Mitten in Bayern:Ohne Verlierer kein Ballspiel

Barfuß raus im Winter, das macht heute kein Sportlehrer mehr mit seinen Schülern. Dass nun aber das Völkerballspiel Mobbing sein soll, das geht dann doch manchem zu weit

Kolumne von Hans Kratzer

Abhärtung, Selbstüberwindung, Disziplin, derlei militärische Tugenden galten im Turnunterricht bis in die späten 60er-Jahre als erstrebenswert.
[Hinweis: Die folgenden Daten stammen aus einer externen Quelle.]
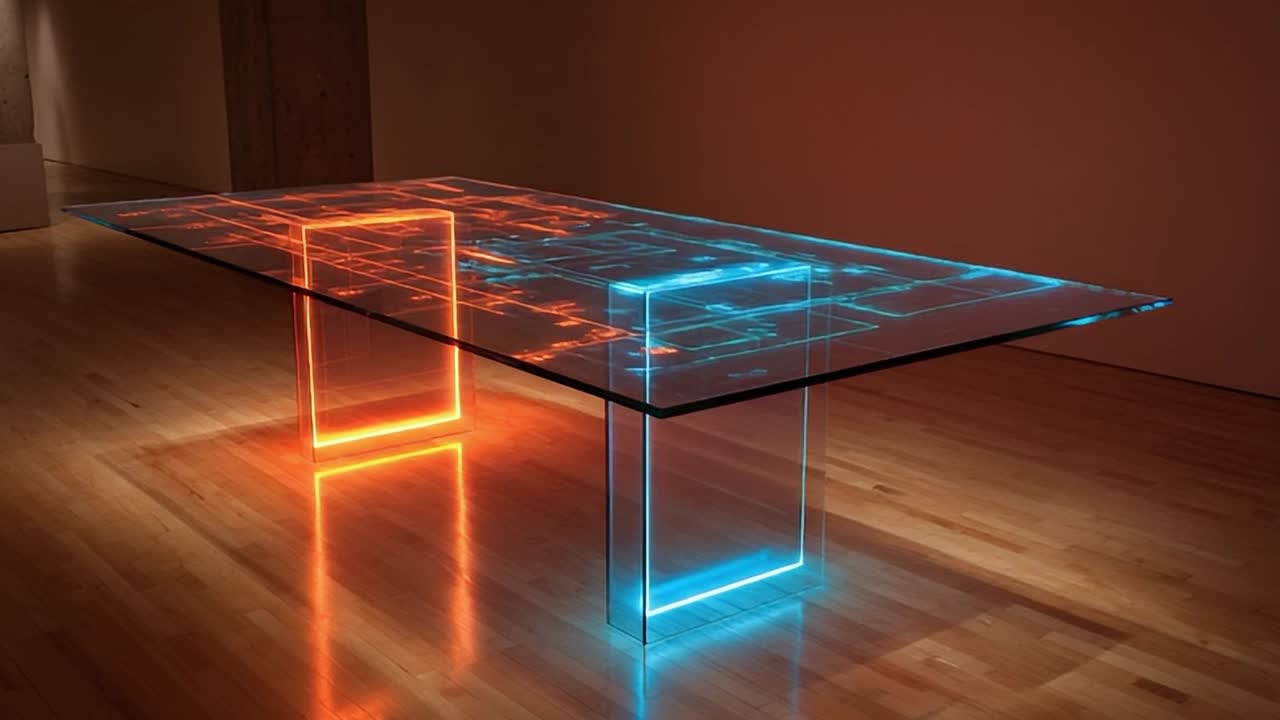 Modern interactive table with illuminated design in an art gallery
Auch der Sportlehrer Otto Lutter unternahm damals einiges, damit die Schüler am Landshuter Hans-Leinberger-Gymnasium keine Weicheier wurden. Im Winter schickte er die Zöglinge regelmäßig ins Freie hinaus, wo sie mehrere Runden auf dem schneebedeckten Sportplatz laufen mussten - allerdings barfuß. Wer jemals das Kribbeln in den Füßen gespürt hat, wenn diese in der Turnhalle wieder auftauten, vergisst dies nie mehr. Manche "Lutteraner" aber setzten diese Läufe im Schnee später freiwillig fort, weil sich dadurch Erkältungen und Missstimmungen jeder Art durchaus vermeiden ließen. Natürlich wurde der Sportunterricht in jener Zeit noch ein wenig vom Krieg her gedacht. Wehrertüchtigung war ja seit den Tagen von Turnvater Jahn ein zentraler Impuls für Leibesübungen in Schule und Verein.

In diesen Kontext passt auch das Völkerballspiel, dessen ursprüngliche Ideale mit den federweichen Erziehungsidealen von heute ebenso unvereinbar sind wie das Barfußlaufen im Schnee. Die Kriegsschlacht ist das ursprüngliche Leitmotiv dieses Spiels, der Ball ist die Angriffswaffe, die Treffer markieren die Gefallenen. Und doch erfreut sich Völkerball nach wie vor großer Beliebtheit, der Ursprung ist ja längst in Vergessenheit geraten.

Nun hat aber eine kanadische Studie Völkerball mit "legalisiertem Mobbing" gleichgesetzt. Das Spiel soll sportschwache Schüler erniedrigen und ausgrenzen, heißt es. Das Netz ist wieder einmal in einen hochgradigen Erregungszustand geraten. Bei bayerischen Sportlehrern, beim Landesschülerrat und beim Turner-Bund ist die Aufregung weitaus geringer. Schließlich ist das Spiel von der Sportpädagogik längst umformatiert worden. Es gibt mittlerweile so viele Variationen, dass sich kein Schüler mehr benachteiligt fühlen muss, es sei denn, sein Sportlehrer eifert noch den Idealen der Wehrmacht nach. Sollten aber im Schulsport demnächst Sieger und Verlierer grundsätzlich abgeschafft werden, dann ist kein Ballspiel mehr möglich. Nicht einmal der geheiligte Fußball, der, streng betrachtet, mehr Verlierer hervorbringt, als es das Völkerballspiel je könnte.